I'll share my approach for client side validating while reducing the number of call to server.
Validating with session storage is not a good approach imo as it is not shared between tabs.
When the user logs in to your website and send the request to your server, generate a JWT token with payload as their email id and send it as cookie/json response to client.
If you prefer JWT token in response then save the JWT token in local-Storage with a unique name (eg. myAdminAccessToken) so it doesn't interfere with other keys in their browser. A cookie in response is a much better and robust approach then storing JWT token
Now every time your user makes a network request to your server, before making the network call (fetching the url) check if the token exist in the local-Storage, if not then they are not authorised and redirect them to login page. and if it exist allow them to make the network call to your server.

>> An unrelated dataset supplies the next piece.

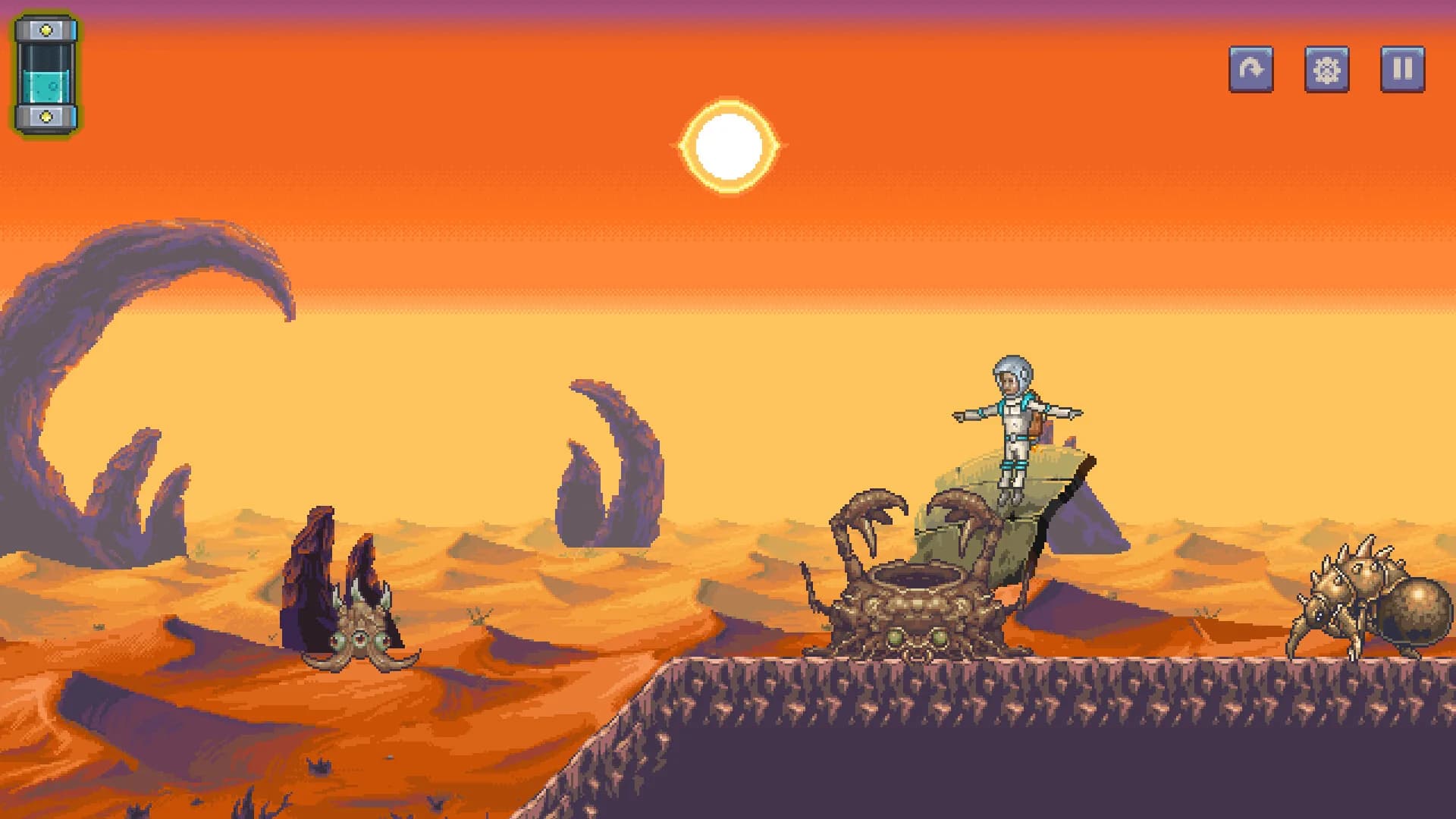 Galaxy Pilgrim görsel 8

Parse the cookie/JWT token and validate if the email exist then it means they are authorised send a authorised:true in response and let them fetch the request resource from your server.
If no such email exist or the JWT token parsing failed it means they are not authorised and they tried to bypass your first validation check, which is in step#3.
In this case send a authorised:false response from your server and upon receiving failed authorised your client should log them out and redirect to login page and also remove the accessToken from local-Storage.
i don't have pure js or jquery code for this but if you want i can share react code with you explaining the above mentioned process.
Optimisations
You can even optimise the above solution for more robust and secure app.
- use redis for caching user emails for quick validations.
- use a state management library to provide an extra layer of protection and make your ui in sync.
local-storage, session-storage, state-management libraries are not reliable for protecting your routes/data but they can be used to reduce the no of network calls to your server.